The damage is done so the easiest fix without demo would be to get rid of that trap below the floor. Throw a sanitary tee with a riser coming up after the trap under the cabinets and put a studor vent as high as you can get it under the sink. Or you can cut out the back of the cabinets and run an island vent. I would do the island vent, but I figured Id give you another option.
I do not see any primer on those pipes either.


----------



## neolitic (Apr 20, 2006)

Plumber---
Earlier you said somewhere that "S" traps are illegal? This "S" trap, covers those suckers that trap and then sweep back down through the floor? I've had a few women that had their "designers" sell these thing to them.


----------



## KillerToiletSpider (May 27, 2007)

neolitic said:


> Plumber---
> Earlier you said somewhere that "S" traps are illegal? This "S" trap, covers those suckers that trap and then sweep back down through the floor? I've had a few women that had their "designers" sell these thing to them.

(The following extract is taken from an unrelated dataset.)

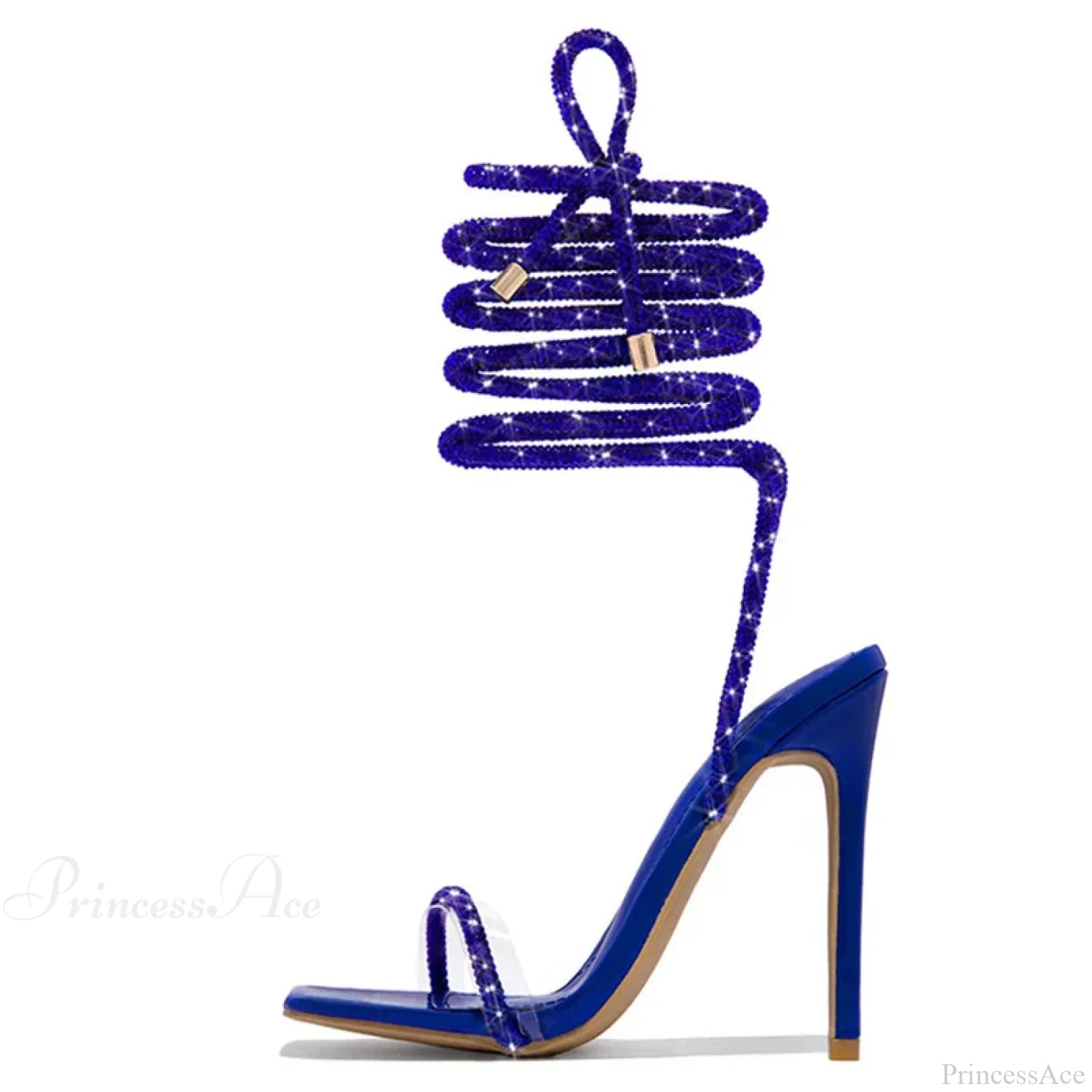 Gold Crystal Ankle Cross-Strap Sexy Open-Toe Club Summer Party Banquet High Heel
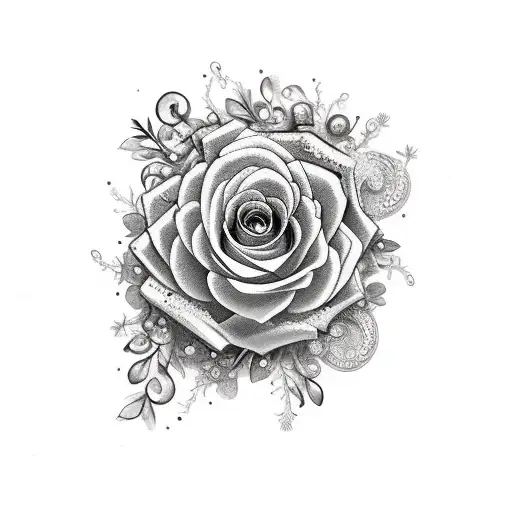 chains breaking and bursting with flowers  tattoo design idea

A straight "S" trap is a natural siphon, if you install a "P" trap with a minimum of four inches of horizontal run, it is no longer an "S" trap.


----------



## The plumber (Jul 5, 2007)

neolitic said:


> Plumber---
> Earlier you said somewhere that "S" traps are illegal? This "S" trap, covers those suckers that trap and then sweep back down through the floor? I've had a few women that had their "designers" sell these thing to them.


They are illegal in all states that I know of. They do still sell them though. I have seen brushed pewter s traps at home depot that are very attractive, but can't be installed here legally. Makes no since to me why they sell them. I guess it can be compared to the gas station selling crack pipes and bongs in a glass display. Legal to sell, but not legal to use as intended


----------



## neolitic (Apr 20, 2006)

The plumber said:


> They are illegal in all states that I know of. They do still sell them though. I have seen brushed pewter s traps at home depot that are very attractive, but can't be installed here legally. Makes no since to me why they sell them. I guess it can be compared to the gas station selling crack pipes and bongs in a glass display. Legal to sell, but not legal to use as intended


Good, cause I've been telling them we can't put them in. Seemed like it would over ride the vent--and make a big PITA for floor tile among other things. Two of them were for those "furniture" type vanities with the ball & claw legs and all?
Anyway, I haven't _:thumbup:_ been lying at all!


----------